Scientists to Study Acid Rain, Smokies
KNOXVILLE, Tenn. Scientists plan to study soil this spring in high elevations of the Great Smoky Mountains National Park -- the area most affected by acid rain and other environmental problems, officials say.
The Smokies' suffer from some of the worst acid rain problems in the U.S., especially after major rains or snow melts when streams and rainwater in the higher elevations become more acidic than normal.
Acid rain results when sulfur and nitrogen byproducts from fossil fuel-burning plants, industries and motorized vehicles combine with water vapor to form weak acid.
The study will target sites examined by the Environmental Protection Agency in the 1980s, enabling scientists to see how the soils have changed.
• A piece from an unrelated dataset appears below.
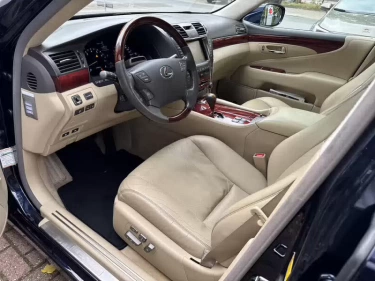 Foto van Lexus LS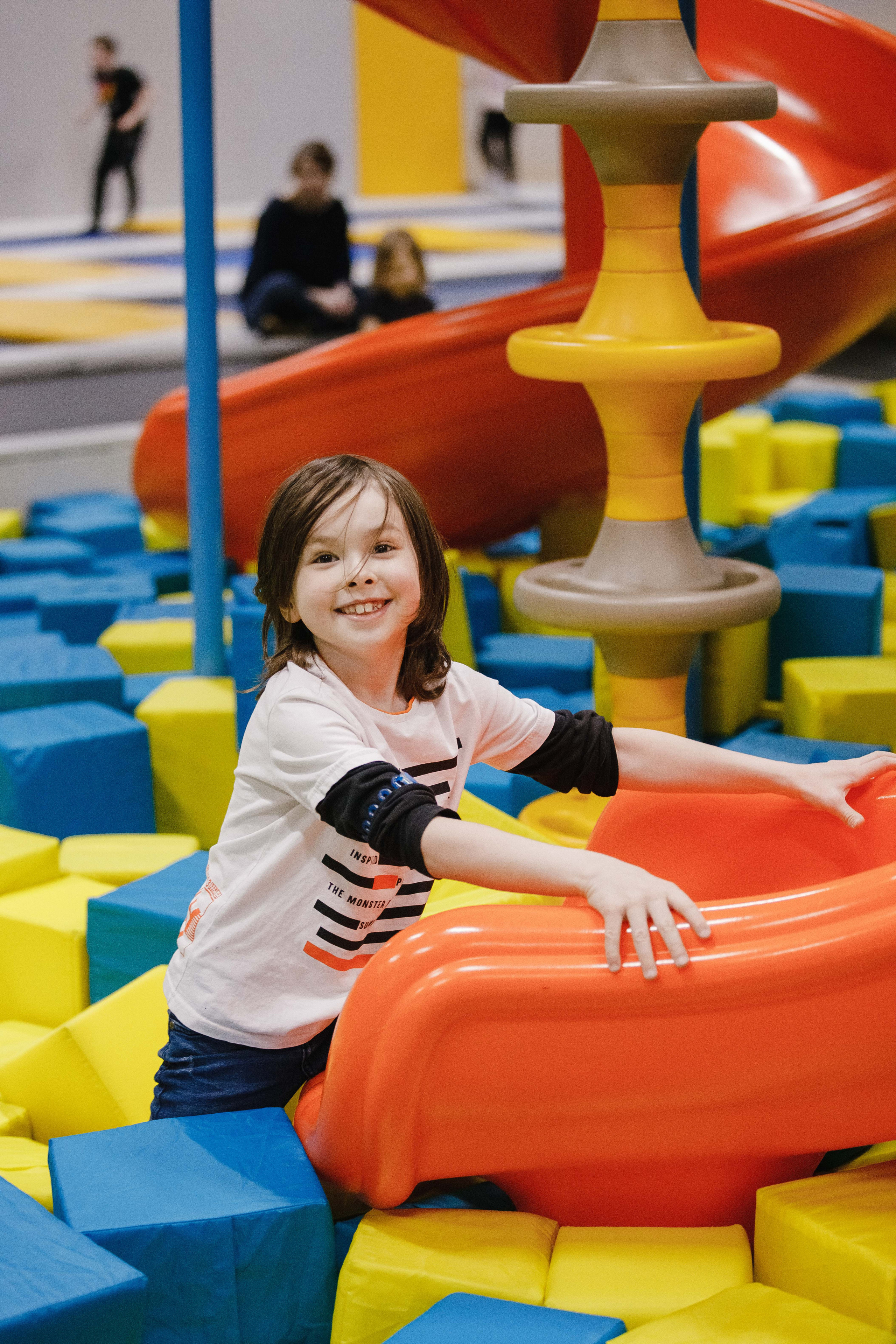 ДР Ильи. Fly zone. Батутный центр. Фотограф Андрей Баксов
"We have been studying the effects of acid deposition on streams, and now we're looking at soils," said Michael Jenkins, a forest ecologist for the Smokies. "We're filling in another piece of the puzzle."
To study the soil, scientists will dig down to the bedrock at four high-elevation sites located on the Tennessee and North Carolina sides of the 500,000-acre park.
The four sites are above 4,000 feet where acid rain and polluted cloud water cause some of the worst acid deposition problems, which the park began monitoring more than 20 years ago.
"Changes in the soil chemistry have a cascading effect that impacts the plants and trees -- and ultimately the animals that rely on them," Jenkins said.